If you’ve ever burned CDs on your home computer, then you know that the process can take a while. You copy files into the working folder, and write them directly to the CD-ROM. Depending on what kind of files you’re copying and the speed of your CD burner, this process can take a minute or more ? just to write one disk. When you factor in the time to physically swap out the media, doing a big CD duplication job can be major headache.

One of the primary causes of slowdown when doing your own CD replication is your computer’s bus speed. This is a measure of how fast your computer can send information to your CD drive. For example, if you’re copying a 300 MB CD image, you’ll first upload that image to your system memory. This is generally pretty quick. Then it is essentially pushed through a narrow ‘straw’ to your CD writing hardware. Bus speeds have improved dramatically since the early days of CD writers, but they still slow the process considerably.

Another reason personal CD burning can be slow is data integrity checking.
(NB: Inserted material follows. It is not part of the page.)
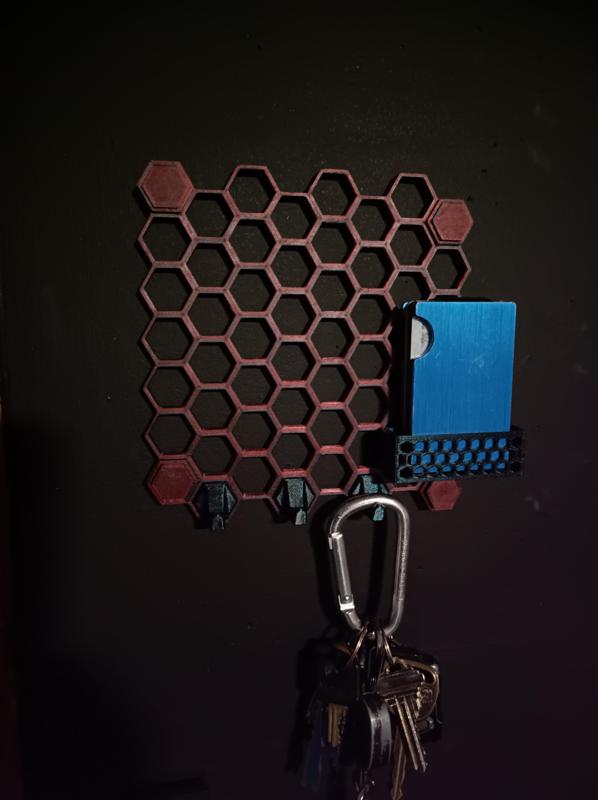 HSW honeycomb wallet holder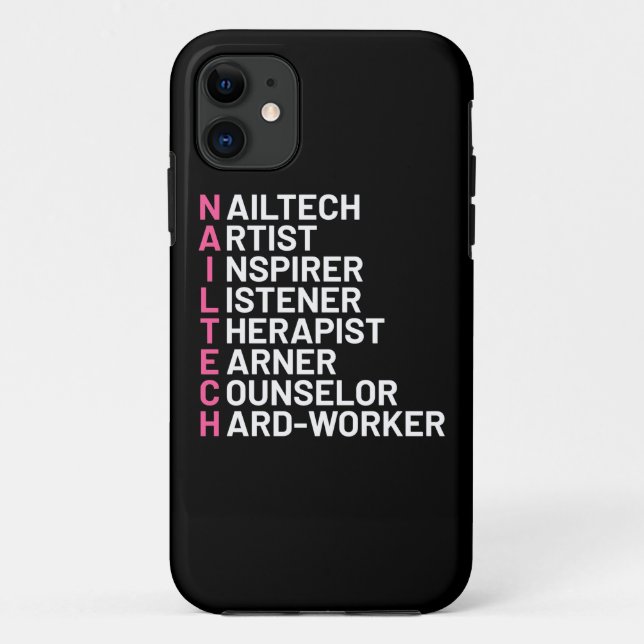 Capa Para iPhone 11 Nail Artist Inspirer (Verso)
Every time your CD drive writes data to the optical disk, it reads it back to check that it’s correctly written. If any errors are found, it backs up and rewrites the data. This is fine for small home CD-ROM writing applications, but it has some major overhead.
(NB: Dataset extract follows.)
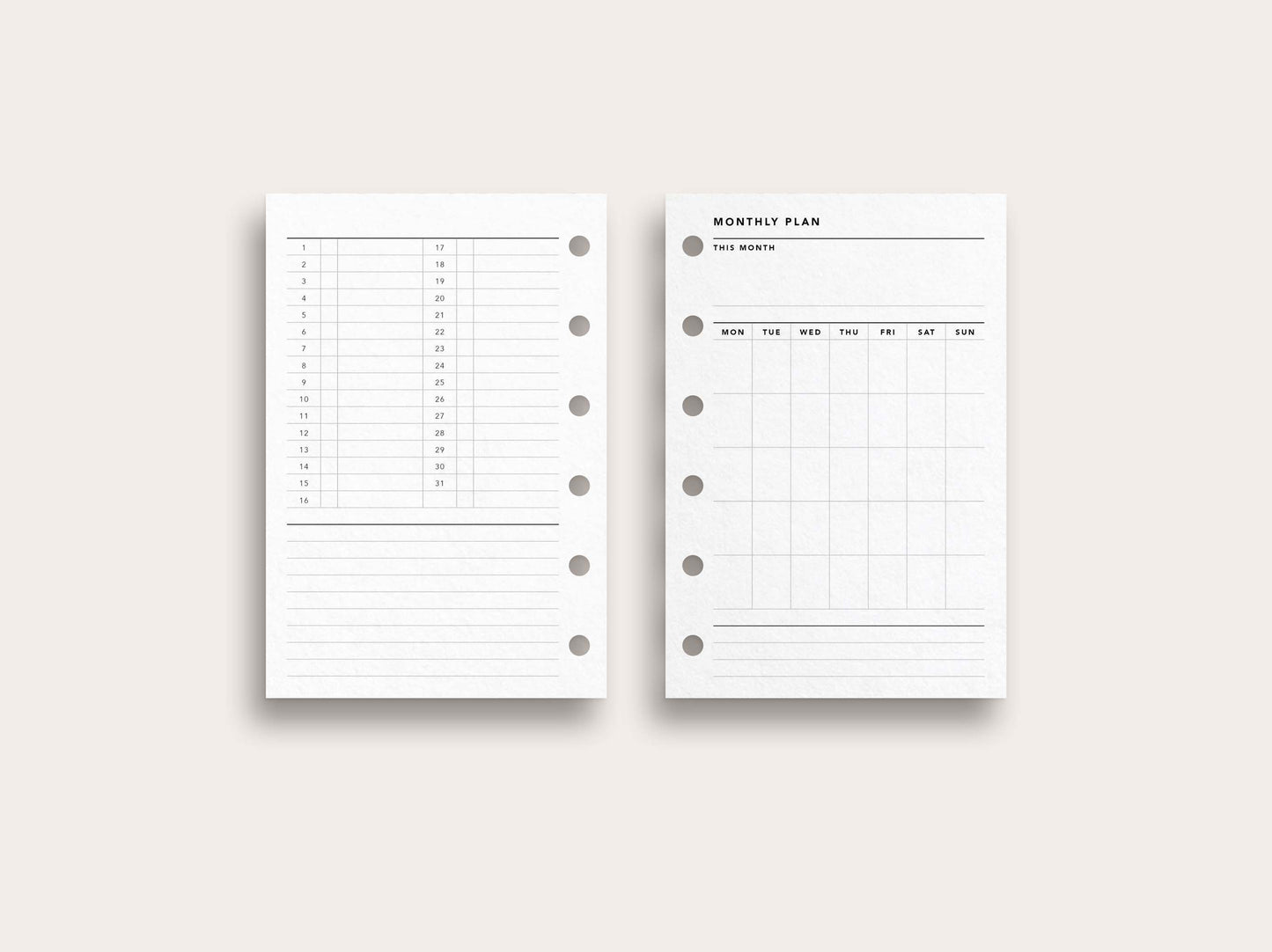Monthly Planner No. 3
This overhead is a result of file comparison ? it reads and compares the newly written data to the original source file to make sure there are no differences. This occupies a lot of memory, and it sends even more information through that narrow pipe between the motherboard and the CD-ROM drive.
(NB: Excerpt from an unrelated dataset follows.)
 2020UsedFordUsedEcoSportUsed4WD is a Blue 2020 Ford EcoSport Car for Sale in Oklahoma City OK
Professional CD replication is entirely different. First, when a professional duplicator loads the original data file, the data integrity check is run during the process of making a master image. What this means is that the read-write-check process only happens once at the beginning of the entire job, rather than once per disk. While the initial load up takes longer, this makes the process of burning each individual disk copy much quicker.

Second, professional equipment has a much faster transmission speed for relaying information to the CD burner. These speeds are comparable to data transmission speeds between various components on your motherboard. The main limiting factor is how quickly the laser that burns the image can move.

Third, a replicator rack can burn about 100 CDs at a time; many of them also feed the disks through a label printer so that the CD-ROM has the label image it’s supposed to have. Each disk image that’s burned this way takes about 25 to 30 seconds per disk, and the entire process is automated, sliding the disk along in assembly line fashion. There are even ‘tappers’ that will automatically sleeve the disks for a job.

By now it should be apparent that professional CD duplication is a much more efficient process than burning disks at home. High end equipment has faster processing speeds, and automates the process to load more disks at once. But even relatively small professional replicating setups can burn 20 disks at once, and are affordable for a small business.